Bien avant cet épisode, le major de cette promotion au concours d’entrée dans cette institution avait réussi l’exploit de décrocher une moyenne en deçà de dix lors du passage de la première à la deuxième année.
Le major d’un concours d’entrée dans une grande école ne se ramasse pas dans la rue : il est supposé être le meilleur parmi les meilleurs. Ce qui, malheureusement, ne semble pas être le cas à l’Enam.

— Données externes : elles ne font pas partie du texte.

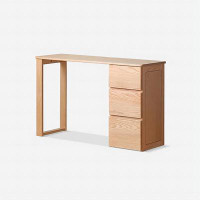 Hokku Designs 47.24"Original wood colour rectangular solid wood desk with bucket cabinet
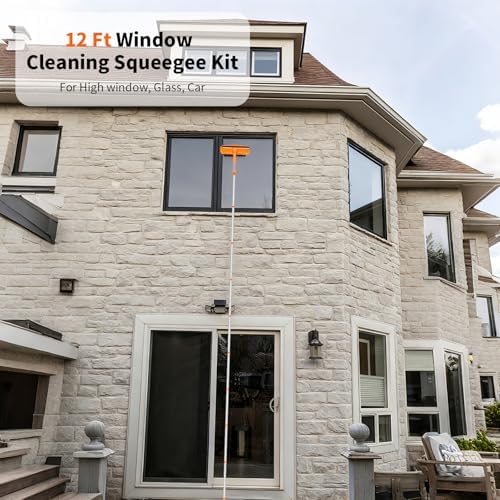 152'' Window Cleaning Kit, 2 in 1 Window Squeegee - Image 2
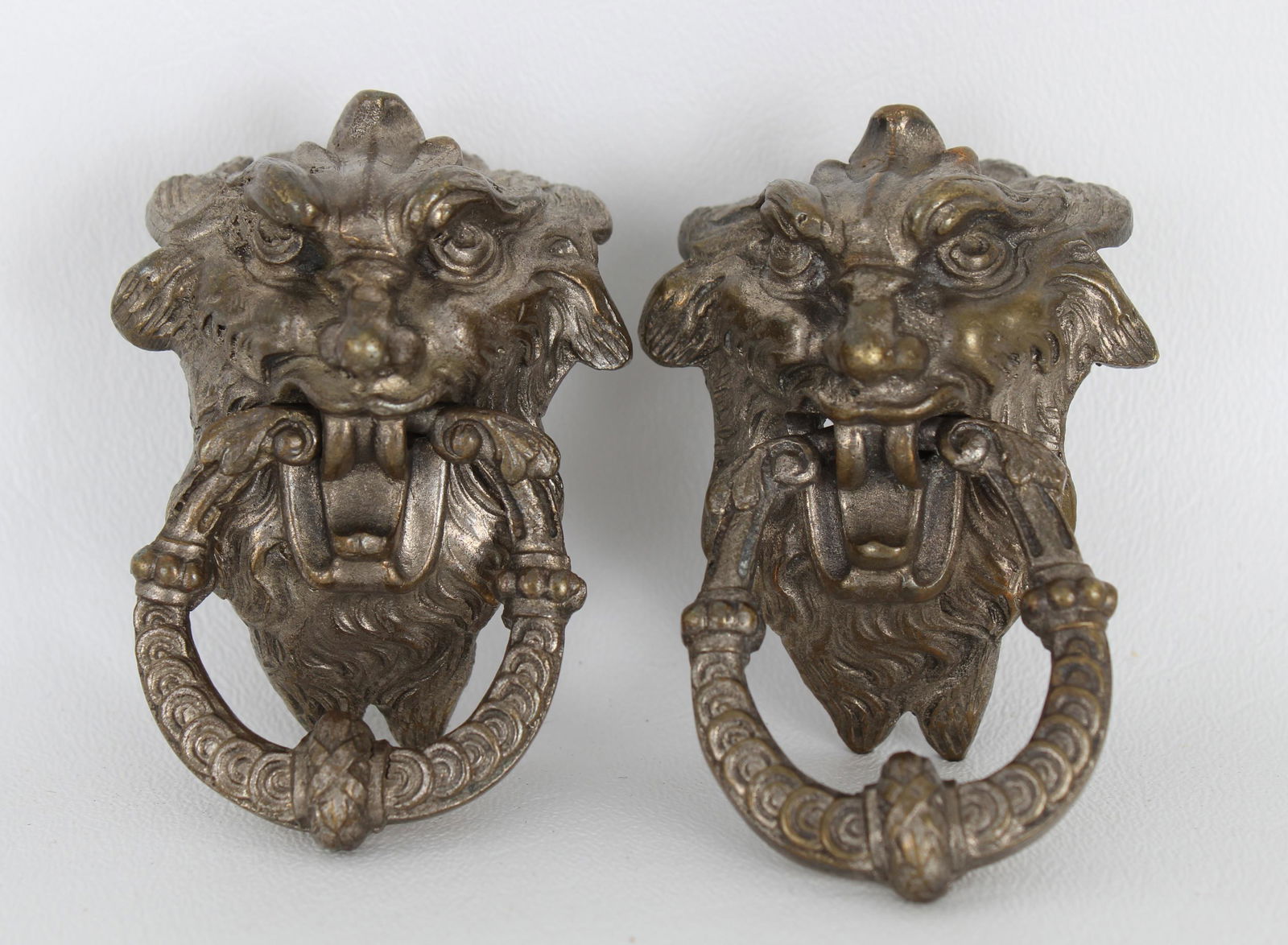 19th C. Set of Metal Griffin Head Door Pulls (1 of 2)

Ces contre-performances relancent une fois de plus le débat sur les critères d’admission dans cette prestigieuse école chargée de former les élites de demain et qui a eu l’insigne honneur de recevoir le chef de l’Etat lors de la célébration de son cinquantième anniversaire. Quelle place est accordée au mérite et à l’excellence lors des évaluations ? La corruption, le favoritisme et le tribalisme n’ont-ils pas terni l’image de cette école jadis appréciée par toutes les couches sociales de la population et qui suscitait la crainte ? Les conséquences de cette gestion archaïque se matérialisent aujourd’hui par un fort pourcentage d’échec avec des « majors » qui éprouvent de sérieuses difficultés d’adaptation.
Un conseil supérieur de la magistrature aura lieu dans les prochains jours au palais de l’unité de Yaoundé sous la présidence de son président M. Paul Biya. Pour décider du sort de cette nouvelle cuvée en procédant aux affectations. Nous osons croire que Paul Biya prendra des mesures de redressement afin que l’Enam retrouve ses lettres de noblesse.